How would she feel in ten years or twenty, when she showed the signs of aging and he didn’t? Did she want to live with a man who would look forever young, a man who couldn’t go outside during the day?
Did she love him enough to accept him as he really was? Did she want to spend the rest of her life with a man who wasn’t a man at all?
Did she want to spend the rest of her life without him?
She felt betrayed because he hadn’t been honest with her. Neither had her parents, she thought ruefully. She could understand her parents’ reluctance to tell her the truth. She could understand Vince’s, too, but the fact remained that, right or wrong, good reasons or not, the people she loved most in the world had all lied to her. It was worse with Vince, though. He had let her fall in love with him when she didn’t really know who, or what, he was.
With a sigh, she realized that the signs had been there all the time, but she had refused to see them—arriving late at Sarah Beth’s so he wouldn’t have to explain why he didn’t eat dinn
er, never leaving the garage when the sun was up, always leaving her house before dawn. She had never seen him eat or drink anything except that glass of wine at her parents’ house and a Bloody Mariah. She frowned thoughtfully, wondering why he could drink wine and nothing else.
Where was he now? Where was her dad? He had left the basement last night in pursuit of Anton, and she hadn’t seen him since.
She glanced at the clock. It was time to get ready for work. For the first time, the thought held no appeal.
She got ready anyway, thinking that going to work would help keep her mind off Vince.
With a start, she realized she hadn’t seen or heard from Frank since the day he had driven her to her house. Had he been hurt? Was he in the hospital again?
Ashamed for not thinking about him sooner, she hurried out to his house in the back and knocked on the door. There was no answer. Biting down on her lower lip, she turned the knob, somewhat surprised when the door opened.
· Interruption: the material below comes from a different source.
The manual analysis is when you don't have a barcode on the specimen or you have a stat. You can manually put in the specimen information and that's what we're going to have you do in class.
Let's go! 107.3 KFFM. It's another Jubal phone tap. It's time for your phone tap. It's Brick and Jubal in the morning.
She had never been inside his house before. It was small and surprisingly neat for a man who lived alone. The furniture was sparse but of good quality. A number of photographs sat on the mantel. She moved closer for a better look. The first depicted a young couple holding a little boy. There were three other photos of the same couple. The boy was older in each picture; in the last one, it was easy to see that the boy was Frank. There were several photos of a beautiful young woman. Was it Frank’s sister, or was the woman the reason he had never married?
Cara blinked back tears when she looked at the last two photos. One was a picture of herself sitting on a pony when she was about five or six, the other was her graduation picture.
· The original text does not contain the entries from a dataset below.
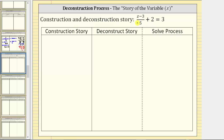We're asked to solve the given equation using the construction and deconstruction story, also referred to as the story of the variable or the story of x. The first type will be to write the construction story for the equation, then write the deconstruction story, which will give us the steps that we will use to solve the given equation in this third column.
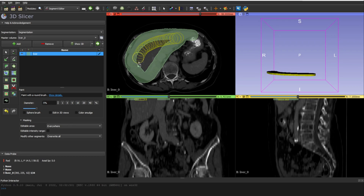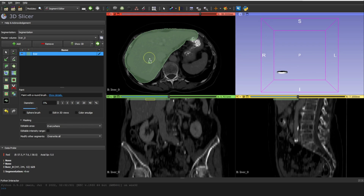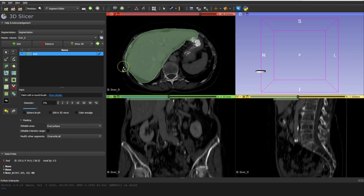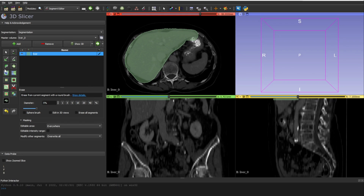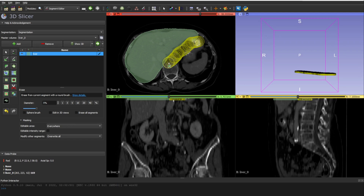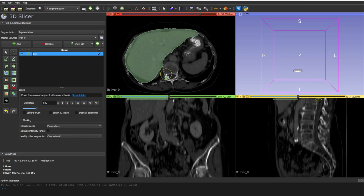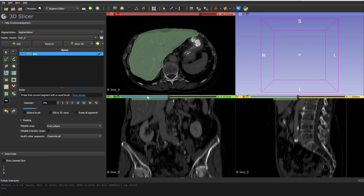As you may have seen in my ITK-SNAP video, I prefer to annotate broadly first and then use the eraser to refine borders — it's faster and easier. Now let's select the eraser tool. You can come here and start cleaning the borders. Unlike ITK-SNAP where you right-click to erase, in Slicer you need to explicitly select the eraser tool.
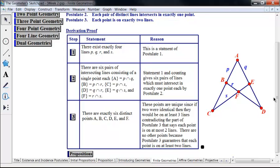How do we know these are the only points? Because of the 'at least two lines' part of postulate three — each point is on at least two lines — and we've listed all the intersections of two lines, so we have a complete set. This model consists of the points A, B, C, D, E, and F, and lines P, Q, R, and S. Line P is {A, B, C}, line Q is {A, D, E}, and so forth.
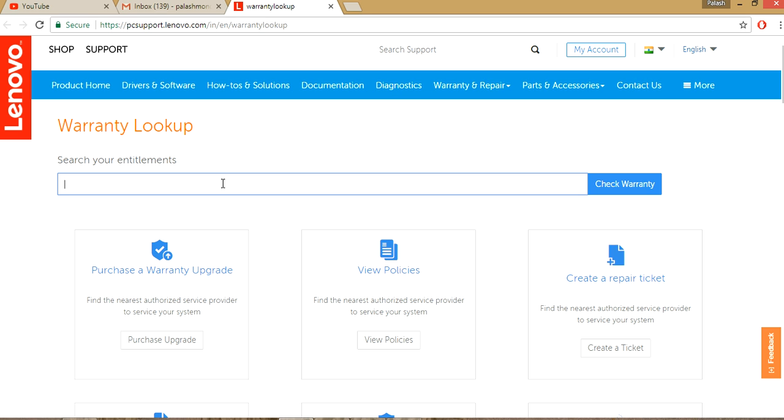And after its brand name, model name input, there is serial number capital S slash capital N. And then I put my number here.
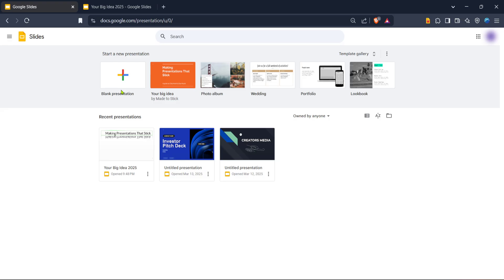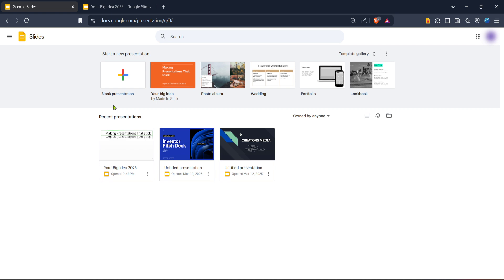Now that you're on the Google Slides homepage, you'll notice various templates displayed. You can choose to start with a blank presentation, which offers you the flexibility to build everything from scratch, or opt for one of the available templates that might suit your project needs. For this tutorial, let's go with a blank presentation to give you the full experience of creating your project from the ground up. Once your blank slide is open, it's time to add your interactive map.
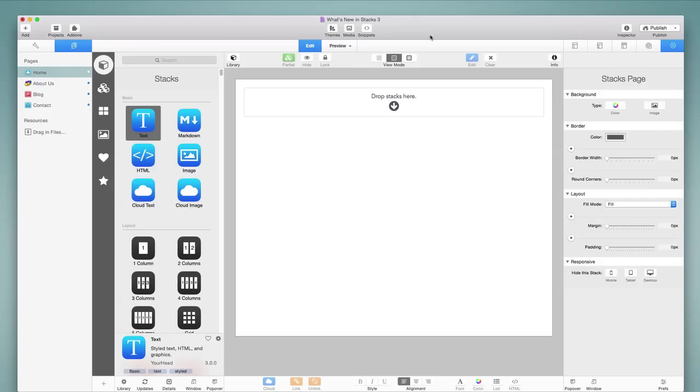Hi, this is Ryan from RapidWeaverClassroom.com, and I'm excited to bring you this tutorial covering the new features found in the Stacks 3 plugin from YourHead.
“Oh, Frank,” she murmured, thinking that he had devoted most of his life to protecting her. She wished she knew where he was, wished she could crawl into her father’s lap and let him make everything right again, the way he had when she was a child. So much had happened that she didn’t know about and didn’t understand. Where was Anton? Was he still a threat? Where was her father?
Where was Vince? She told herself she didn’t care, that she never wanted to see him again, but in the far reaches of her heart and soul, she was afraid it was a lie.